ウディ・ハーマン楽団のセカンド・ハード(1947年〜)は別名フォー・ブラザーズ・バンドとも呼ばれ、スタン・ゲッツズート・シムズ、ハービー・スチュワード(後にアル・コーン)、サージ・チャーロフのサックス4兄弟?が一世を風靡したのだった。この4人のアンサンブルやソロをフューチャーしたその名も「フォー・ブラザーズ」という曲を書いたのが、当時のハーマン・バンドのアレンジャー、ジミー・ジュフリーだった。


ジミー・ジュフリーというと、あの『真夏の夜のジャズ [DVD]』の初っ端に映っていた、テナー(ジュフリー)、ギター(ジム・ホール)、バルブ・トロンボーン(ボブ・ブルックマイヤー)という変則ユニットでの演奏や、のちのポール・ブレイらとのフリー・フォームに傾倒した演奏など、”スウィングしない西海岸ジャズ”の代表格というイメージが強いが、こんなスウィンギーなナンバーも書いてるんだ、ということで、「フォー・ブラザーズ」を自演しているこのアルバムを選んでみた。
昔は、超弩級のレア・アルバム(LP)だったが、最近は紙ジャケット盤(限定盤)のCDが日本でも発売されたので、運がよければすぐ手に入る(今は無在庫状態かも?)。

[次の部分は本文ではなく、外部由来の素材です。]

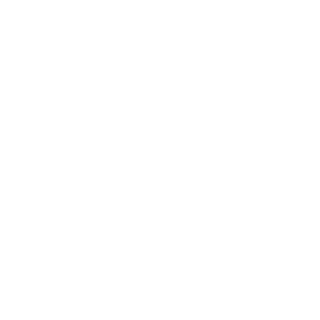 Paul Banwell - Luxurious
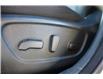 2019 Nissan Rogue S (Stk: 26601P) in Newmarket - Image 20 of 26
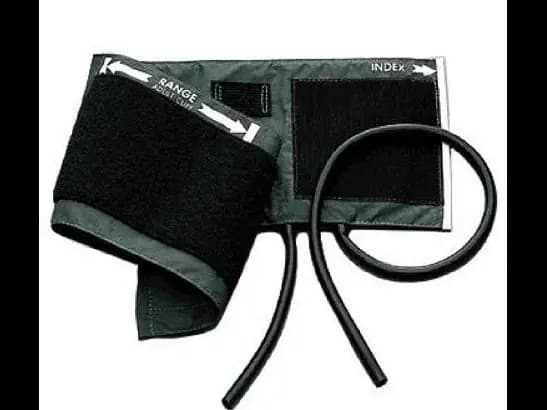 BP Cuff (2)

さて、このアルバムは、バド・シャンク、ジャック・シェルドン、ショーティー・ロジャース、ラス・フリーマン、シェリー・マン等を加えた3つのセッションが収録されているが、多才なマルチ・リード・プレイヤーだったジュフリーは、このアルバムでもクラリネット、テナー、バリトンを吹きわけている。ジュフリーのプレイそのものは西海岸的なクールな奏法の典型で、可もなく不可もなしという感じだが、なんといってもアレンジが面白い。これもある意味西海岸の典型的なアレンジで、ジェリー・マリガンやショーティー・ロジャースのサウンドの親戚だが、ジュフリーのこの頃のパターンは、いわゆるコレクティヴ・インプロヴィゼーションを多用して、楽器間の微妙なコンビネーションを強調している。
ジャケットの英文解説は"Chamber Jazz"と評しているが、ピアノレスの④"A Ring-Tail Monkey"などを聴くと、ジャック・シェルドンのラッパがちょっとチェット・ベイカー風だし、ジェリー・マリガンのオリジナル・カルテットの手法を、もっと室内楽的な対位法的な感覚で処理した、っていう感じがする。
コレクティヴ・インプロヴィゼーション(集団即興)といっても、おそらく楽器同士の掛け合いのタイミングは綿密にアレンジされたもので、やはりジュフリーは編曲人間だ、とわかる。

パーソネルが名人ぞろいなので、思ったほど実験臭さは出ていなくて、僕は結構楽しめたが、こういった演奏を頭デッカチの退屈な演奏と取るか、多彩なアレンジや掛け合いを楽しめるかは、趣味の問題だ・・・。